Yes, London is a great city in many aspects. Like Johnny Rotten, I can't really relate to the glass buildings stuff they overdid. I like Foster, I lived years ago in a building designed by him, but too much bad Fosterism in the new arquitecture. The tower really looks like a dildo and Johnny's scooter helmet is spot-on. I particularly hate the hugly "Brighton's" Wheel. But it's a vibrant place.

The expensiveness was always there, but they went crazy in the late 80's. A friend of mine who passed away, suddenly went rich after he sold his appartment in London because the district he was living turned fashionable. He stopped to work with all the money and left London to live in a indian ocean island near the sea the rest of his life.


Well that was considerate; usually, they move up to the nicer parts of Scotland or out to Cornwall and Wales and the locals there have to live with their parents for the rest of their lives because they themselves can't afford to buy locally anymore.

In many ways, it's the same in Mallorca: many farms were sold off and became big gardens for foreign industrialists or estate agents... and who made the money?

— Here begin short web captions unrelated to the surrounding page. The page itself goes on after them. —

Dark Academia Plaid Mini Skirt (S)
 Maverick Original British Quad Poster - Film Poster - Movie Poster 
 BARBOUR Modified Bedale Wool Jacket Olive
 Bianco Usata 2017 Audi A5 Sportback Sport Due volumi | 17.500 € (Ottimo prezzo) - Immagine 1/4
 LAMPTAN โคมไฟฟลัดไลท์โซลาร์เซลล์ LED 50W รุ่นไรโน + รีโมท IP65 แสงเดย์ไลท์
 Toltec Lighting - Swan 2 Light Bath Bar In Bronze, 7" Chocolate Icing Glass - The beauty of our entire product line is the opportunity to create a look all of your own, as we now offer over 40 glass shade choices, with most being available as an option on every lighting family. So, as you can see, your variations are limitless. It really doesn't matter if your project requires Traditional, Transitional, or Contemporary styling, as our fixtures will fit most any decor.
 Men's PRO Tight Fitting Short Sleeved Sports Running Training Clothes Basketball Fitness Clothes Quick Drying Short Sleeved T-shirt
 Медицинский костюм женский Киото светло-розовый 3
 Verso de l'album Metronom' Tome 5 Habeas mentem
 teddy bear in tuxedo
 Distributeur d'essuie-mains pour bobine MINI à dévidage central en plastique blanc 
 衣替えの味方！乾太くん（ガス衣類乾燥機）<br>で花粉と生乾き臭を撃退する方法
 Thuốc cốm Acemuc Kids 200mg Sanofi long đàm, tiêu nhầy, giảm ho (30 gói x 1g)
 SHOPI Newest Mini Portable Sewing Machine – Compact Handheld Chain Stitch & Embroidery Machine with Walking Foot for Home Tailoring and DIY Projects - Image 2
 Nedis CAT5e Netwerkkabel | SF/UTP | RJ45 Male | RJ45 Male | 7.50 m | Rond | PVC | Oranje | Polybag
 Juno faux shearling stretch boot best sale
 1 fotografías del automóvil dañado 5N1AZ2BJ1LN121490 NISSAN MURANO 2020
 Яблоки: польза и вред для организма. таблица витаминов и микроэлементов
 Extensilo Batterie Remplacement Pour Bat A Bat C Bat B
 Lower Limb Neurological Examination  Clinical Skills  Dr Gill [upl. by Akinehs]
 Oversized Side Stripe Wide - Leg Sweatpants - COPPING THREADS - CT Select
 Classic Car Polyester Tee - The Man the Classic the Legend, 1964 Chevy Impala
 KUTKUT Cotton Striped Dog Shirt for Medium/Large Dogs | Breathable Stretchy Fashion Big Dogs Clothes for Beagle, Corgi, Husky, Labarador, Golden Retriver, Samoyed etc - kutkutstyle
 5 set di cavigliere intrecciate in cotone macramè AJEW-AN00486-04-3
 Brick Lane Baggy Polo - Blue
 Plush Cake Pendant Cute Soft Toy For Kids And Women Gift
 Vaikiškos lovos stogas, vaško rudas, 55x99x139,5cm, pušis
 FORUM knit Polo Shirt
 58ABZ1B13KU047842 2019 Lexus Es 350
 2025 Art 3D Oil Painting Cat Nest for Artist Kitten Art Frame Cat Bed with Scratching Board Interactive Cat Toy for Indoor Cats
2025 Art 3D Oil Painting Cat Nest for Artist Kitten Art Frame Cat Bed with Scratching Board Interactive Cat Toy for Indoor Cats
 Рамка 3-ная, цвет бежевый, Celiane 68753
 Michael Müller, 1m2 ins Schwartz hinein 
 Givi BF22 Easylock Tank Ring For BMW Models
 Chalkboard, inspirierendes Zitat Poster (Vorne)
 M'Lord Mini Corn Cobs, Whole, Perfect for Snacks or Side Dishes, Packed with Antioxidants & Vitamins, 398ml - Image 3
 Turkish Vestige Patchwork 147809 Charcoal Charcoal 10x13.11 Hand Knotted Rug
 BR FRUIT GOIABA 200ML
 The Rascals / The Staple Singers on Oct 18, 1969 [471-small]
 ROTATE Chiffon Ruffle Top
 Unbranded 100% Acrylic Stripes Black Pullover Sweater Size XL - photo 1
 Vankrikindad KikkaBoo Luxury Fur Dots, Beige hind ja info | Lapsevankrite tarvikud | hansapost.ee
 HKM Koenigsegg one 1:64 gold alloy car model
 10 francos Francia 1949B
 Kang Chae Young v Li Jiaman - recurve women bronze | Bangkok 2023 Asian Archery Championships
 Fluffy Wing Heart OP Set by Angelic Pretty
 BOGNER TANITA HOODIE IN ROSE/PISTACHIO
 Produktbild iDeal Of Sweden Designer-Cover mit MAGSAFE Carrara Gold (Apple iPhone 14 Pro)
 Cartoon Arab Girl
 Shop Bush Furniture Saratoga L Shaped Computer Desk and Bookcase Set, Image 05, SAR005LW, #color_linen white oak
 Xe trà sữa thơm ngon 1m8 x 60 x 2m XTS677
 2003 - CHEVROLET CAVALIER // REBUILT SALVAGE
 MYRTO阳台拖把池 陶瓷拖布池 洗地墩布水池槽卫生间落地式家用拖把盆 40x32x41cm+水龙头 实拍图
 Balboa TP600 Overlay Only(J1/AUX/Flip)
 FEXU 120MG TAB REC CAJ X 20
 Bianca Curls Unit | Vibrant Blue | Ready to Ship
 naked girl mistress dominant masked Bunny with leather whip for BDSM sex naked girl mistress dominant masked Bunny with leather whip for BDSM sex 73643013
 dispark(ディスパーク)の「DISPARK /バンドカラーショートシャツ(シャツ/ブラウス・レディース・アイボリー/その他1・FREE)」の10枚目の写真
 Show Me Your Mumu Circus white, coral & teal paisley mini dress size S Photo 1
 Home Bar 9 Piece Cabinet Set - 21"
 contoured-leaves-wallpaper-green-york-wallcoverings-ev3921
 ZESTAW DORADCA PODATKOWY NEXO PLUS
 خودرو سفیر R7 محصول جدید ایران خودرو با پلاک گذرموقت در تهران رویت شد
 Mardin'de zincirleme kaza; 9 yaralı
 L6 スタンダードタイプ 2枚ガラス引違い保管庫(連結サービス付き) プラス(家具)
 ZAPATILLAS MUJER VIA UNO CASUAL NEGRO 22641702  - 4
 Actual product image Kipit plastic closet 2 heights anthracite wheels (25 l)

It isn't that easy to tell: the ex-farmers who sold were long ago outwitted by inflation and can no lpnger buy back what they thought they'd sold at a huge profit, and those of us who bought at those prices now can't sell without going broke because just like the washing machine when you are in a hurry and need to go out, the system’s ever at the wrong place on the programme. I know for a fact that all of my life I have been too late for the best deals by a regular gap of ten years. Would I have traded being ten years older in order to have been able to take advantage of the correct space/time frame that I should have occupied? Probably, yes. Better older than feeling a fish out of water most of the time, and one can’t escape the fact that if you are going to get, say, eighty years in total, then what difference does it make when you spend it? You probably get the same balance of good and bad regardless; but maybe, if you have choice,  you’d get to be in synch!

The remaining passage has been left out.